М-да, недурной пианист — пока некие злые дяди в сирийской тюрьме Тадмор (а было это году в семьдесят третьем) не попытались сыграть его правой рукой довольно фальшивую пьесу по добыче информации, правда, безуспешно…
Боже, как избавиться от привычки видеть длинные тени за каждой фигурой, каждым жестом и каждым словом! Как забыть каменные заборы глухих рассветных улочек арабских городов, разгорающийся блик от восходящего солнца на крышке пустой консервной банки, перед которой ты шесть часов лежишь на земле в засаде, с вечным товарищем — пришитым к твоему брюху «галилем», — зная, что эта банка с этим бликом будут сниться тебе месяцами…
Как, наконец, избавиться от проклятой паранойи — всюду чуять бородатых стражей мертвенной мессы нескончаемого «Реквиема»!
— …А душа-то его рвалась к счастью, — с мягкой грустью продолжал Калдман, подперев кулаком висок, — а молодая плоть требовала соития… Кстати, не исключено, что тот роковой визит в бордель, куда привел его друг-поэт, был у Шуберта первым опытом наслаждения. Подумать только: участь гения решила бледная спирохета! Знаешь, когда в его вещах звучит это неистовое и неизбывное стремление к счастью, у меня повышается давление и учащается пульс. Будто озоном дышу!
Блеснув глазами, Леон перебил с заботливой тревогой:
— В твоем возрасте это, пожалуй, опасно…
Калдман запнулся на миг, довольно хрюкнул и парировал:
— Свинья!
И вдруг изменился в лице: — Эт-то что еще такое?

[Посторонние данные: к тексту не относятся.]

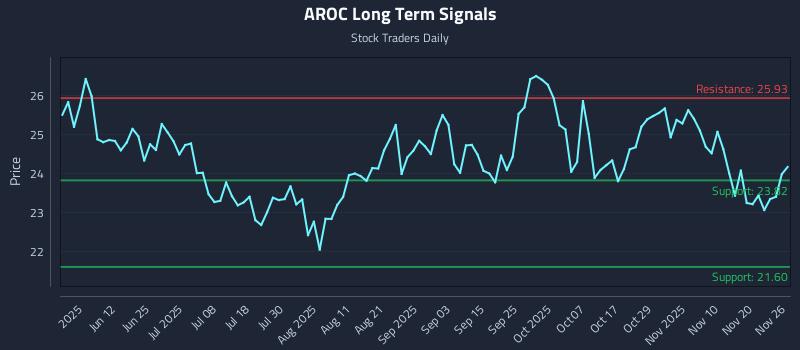 AROC Long Term Analysis for November 26 2025 AROC Long Term Analysis for November 26 2025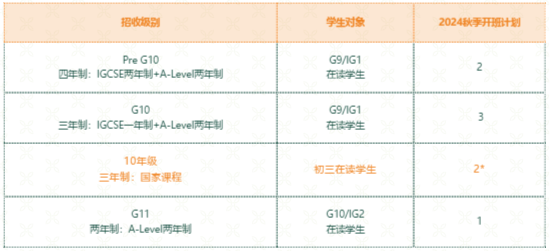 上海浦東新區(qū)民辦籽奧高級中學(xué)2024-2025學(xué)年秋季招生對象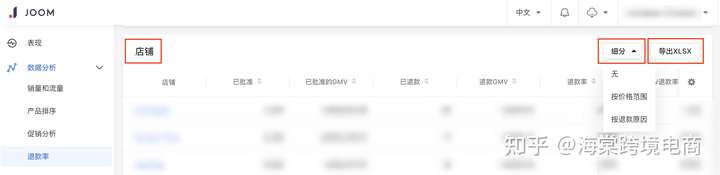 Joom数据分析模块解析指引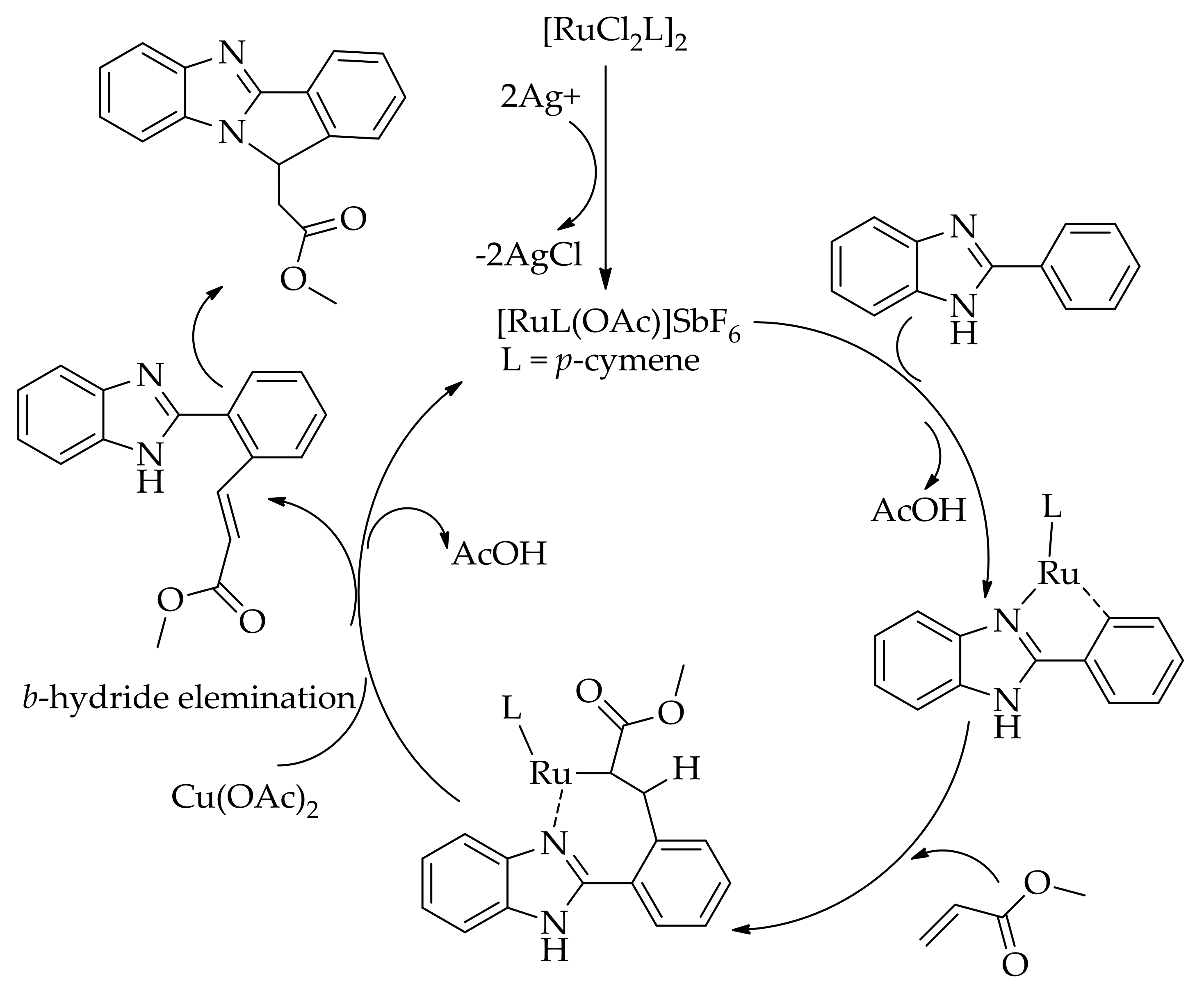 Catalysts 09 00173 sch047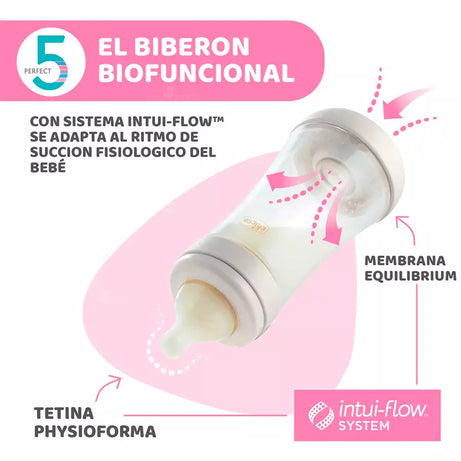 Biberon anticólicos 5 en 1 de doble válvula +0m y +4m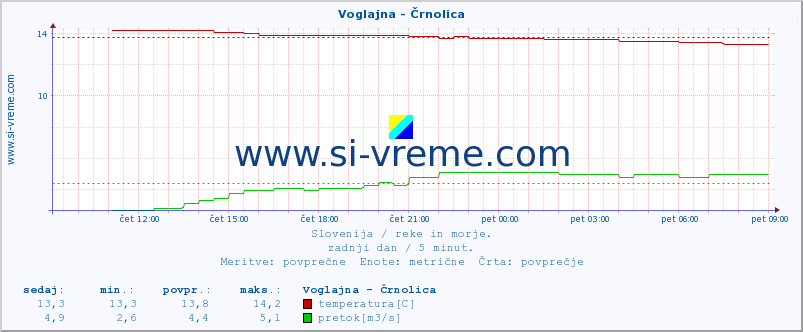 POVPREČJE :: Voglajna - Črnolica :: temperatura | pretok | višina :: zadnji dan / 5 minut.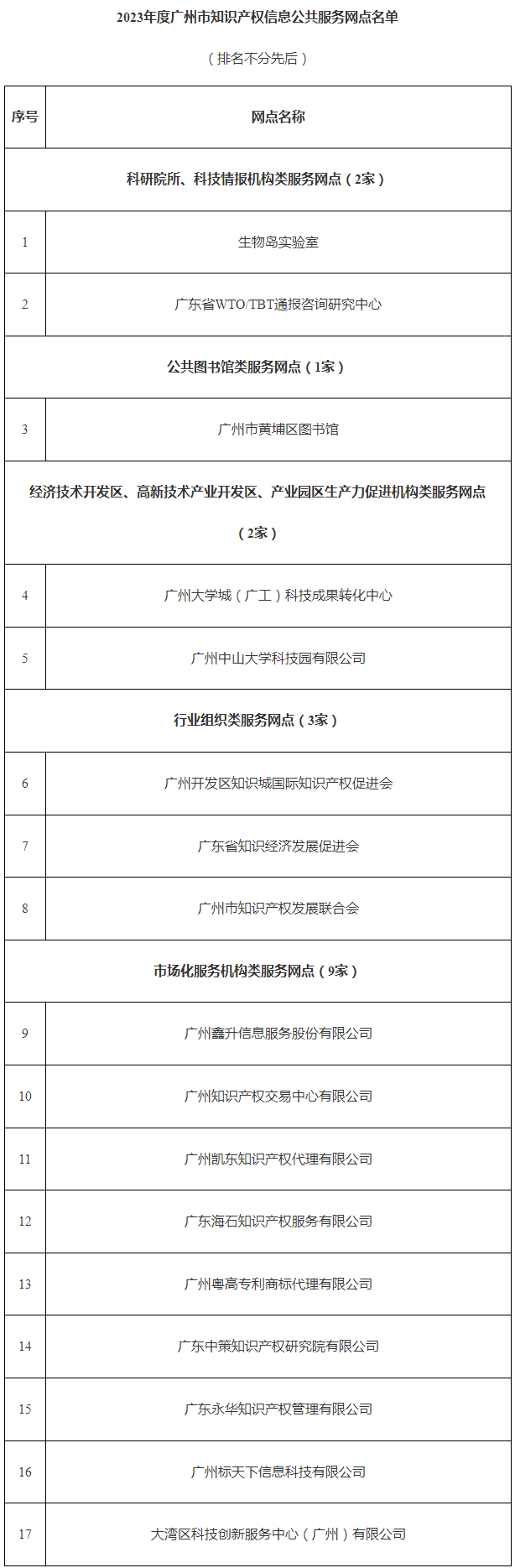 快來申報！廣州加快建設知識產權信息公共服務網點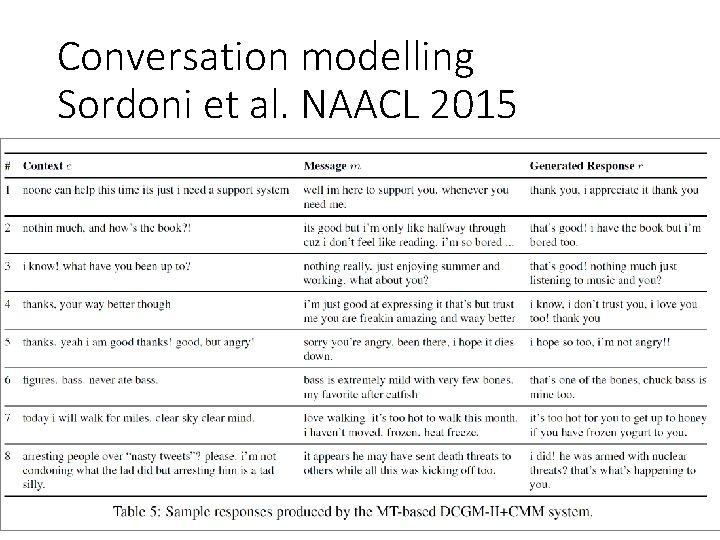 Conversation modelling Sordoni et al. NAACL 2015 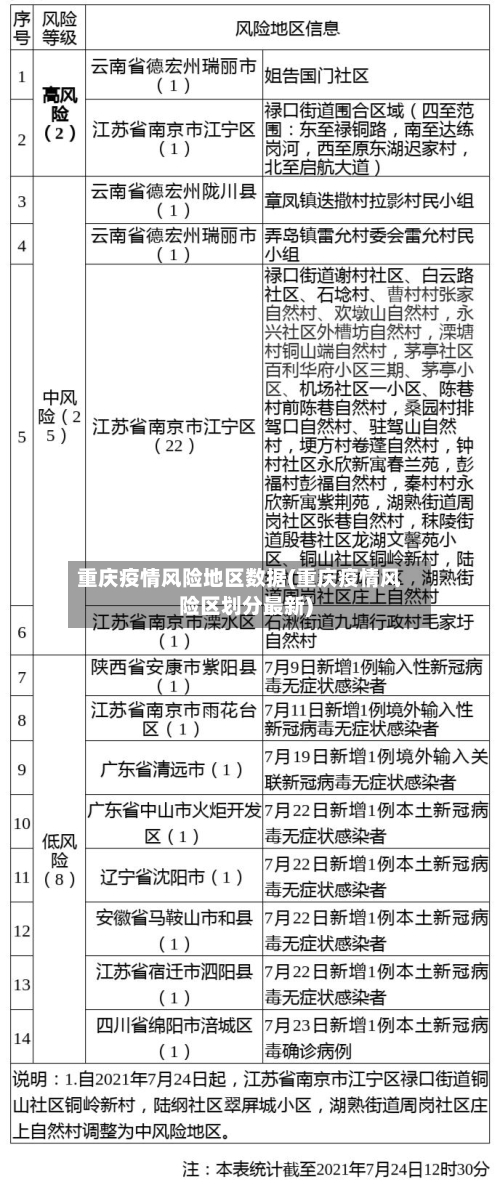 重庆疫情风险地区数据(重庆疫情风险区划分最新)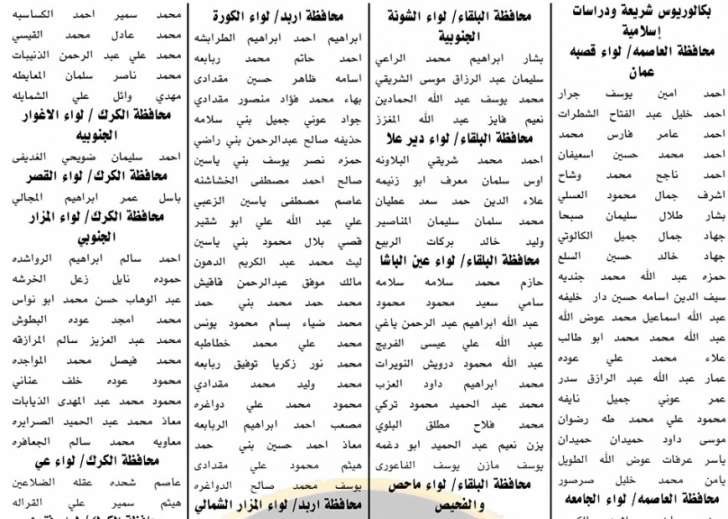 مدعوون لحضور الامتحان الاستباقي لإشغال وظيفة معلم - اسماء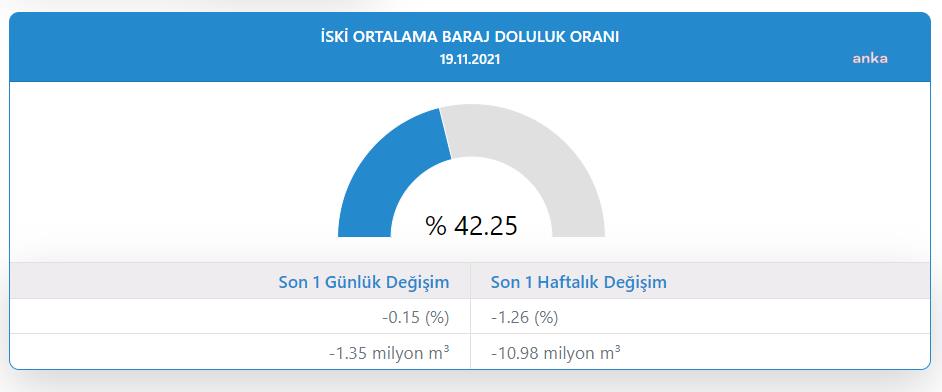 İSTANBUL’DA BARAJ DOLULUK ORANI YÜZDE 42,25 SEVİYESİNE KADAR DÜŞTÜ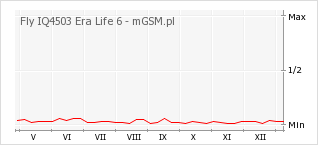 Wykres zmian popularności telefonu Fly IQ4503 Era Life 6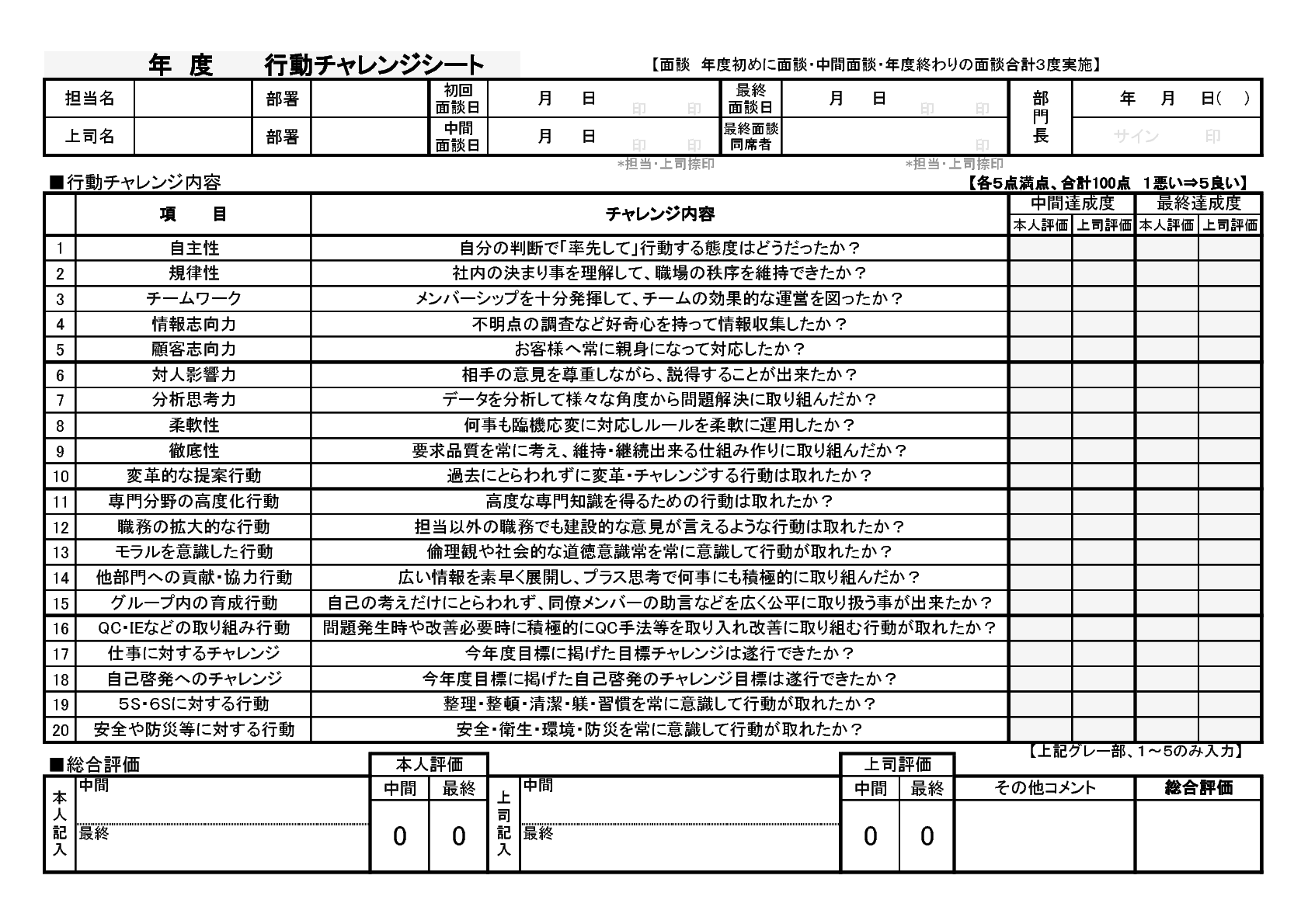 人事考課 行動チャレンジシート Bizocean ビズオーシャン 人事考課 行動チャレンジシート Bizocean ビズオーシャン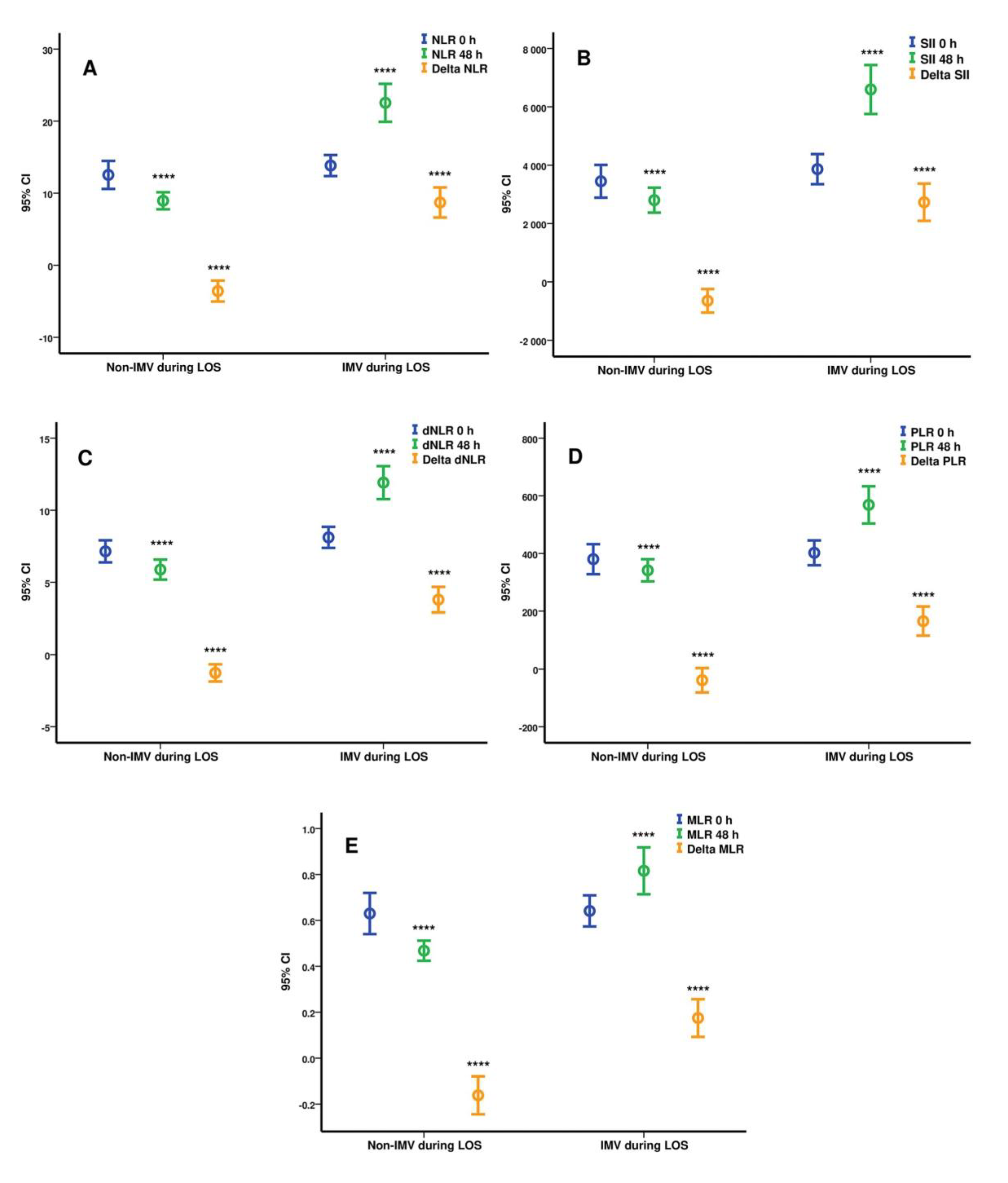 Biomedicines 09 01656 g001 550
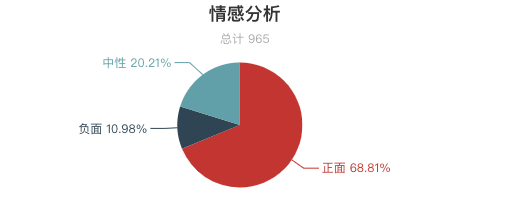 一周全國山嶽景區遊客評價報告！三清山又是好評第一！服務態度成為評價重點？ 旅遊 第22張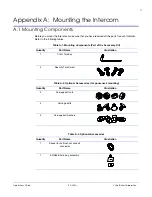 Предварительный просмотр 84 страницы CyberData 011433 Operation Manual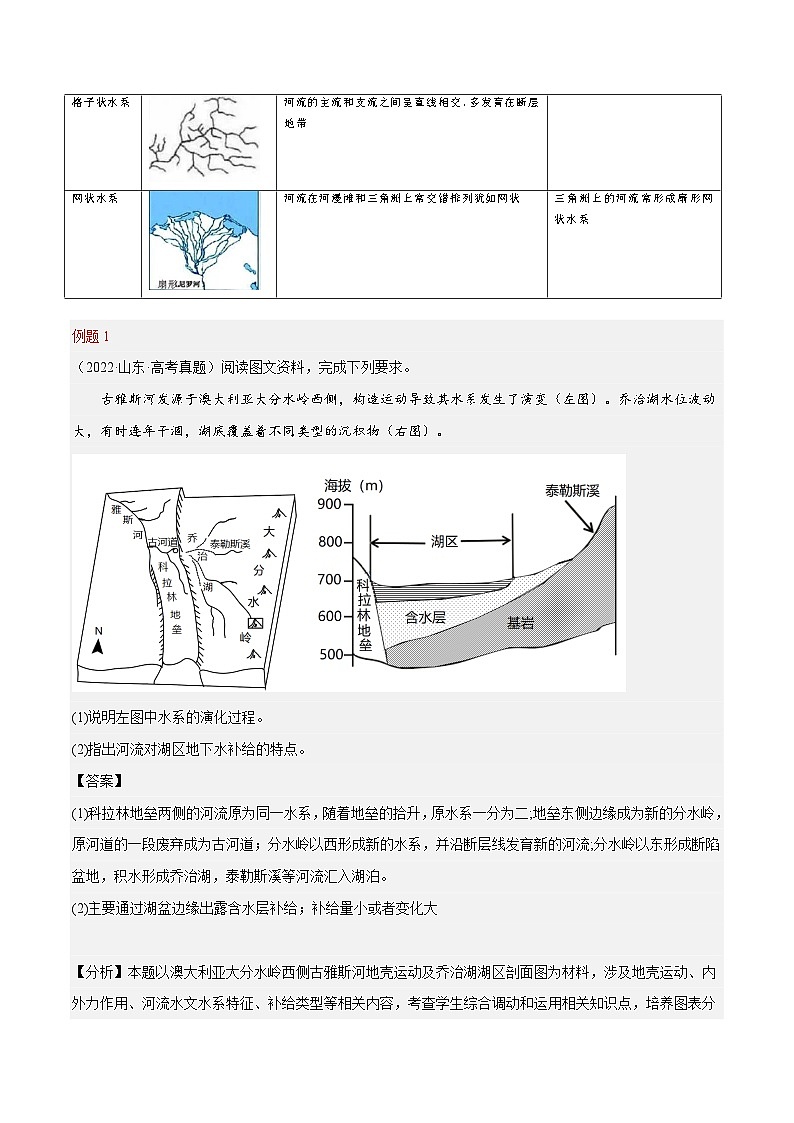 专题21  河流特征描述综合题答题技巧  -2023年高考地理毕业班二轮热点题型归纳与变式演练 (原卷版)第3页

Между столиками с тяжелыми тарелками в расставленных руках — издали угадывались ломти форели, золотистые дольки картофеля и подрагивающие в такт шагам перья петрушки — пробиралась странная девица в слишком большом для нее жилете официанта, накинутом на белую футболку, и в джинсах с прорехами такой величины, что те выглядели просто бесполезной тряпкой на бедрах. Левая половина черепа обрита, на правой дыбом стоит немыслимый бурьян скрученных в сосульки, причудливо раскрашенных прядей. И все лицо — ноздри, брови, губы — пробито множеством серебряных колец и стрел, а хрящи маленьких ушей унизаны колечками так плотно, что кажутся механическими приставками к голове. Все это придавало выражению ее и без того напряженного лица нечто затравленно-дикарское. Бубна ей не хватает, вот что, мелькнуло у Леона. Девочка нафарширована железяками, как самопальная бомба.
Добравшись, она с явным облегчением опустила тяжелые тарелки на стол (и удивительно, что не бросила по дороге: у нее был вид человека, готового кинуться прочь в любую секунду).
— Э-э… благодарю вас… — обескураженно пробормотал Калдман. — Entschuldigung, а что наш э-э… Herr Ober, тот, что принял заказ? Он покинул этот мир?
Она переминалась у стола и переводила сосредоточенно-мучительный взгляд с одного лица на другое, причем смотрела не в глаза, а на губы, будто пыталась расшифровать несколько немудреных слов, к ней обращенных. Наверняка немецкий не был родным ее языком.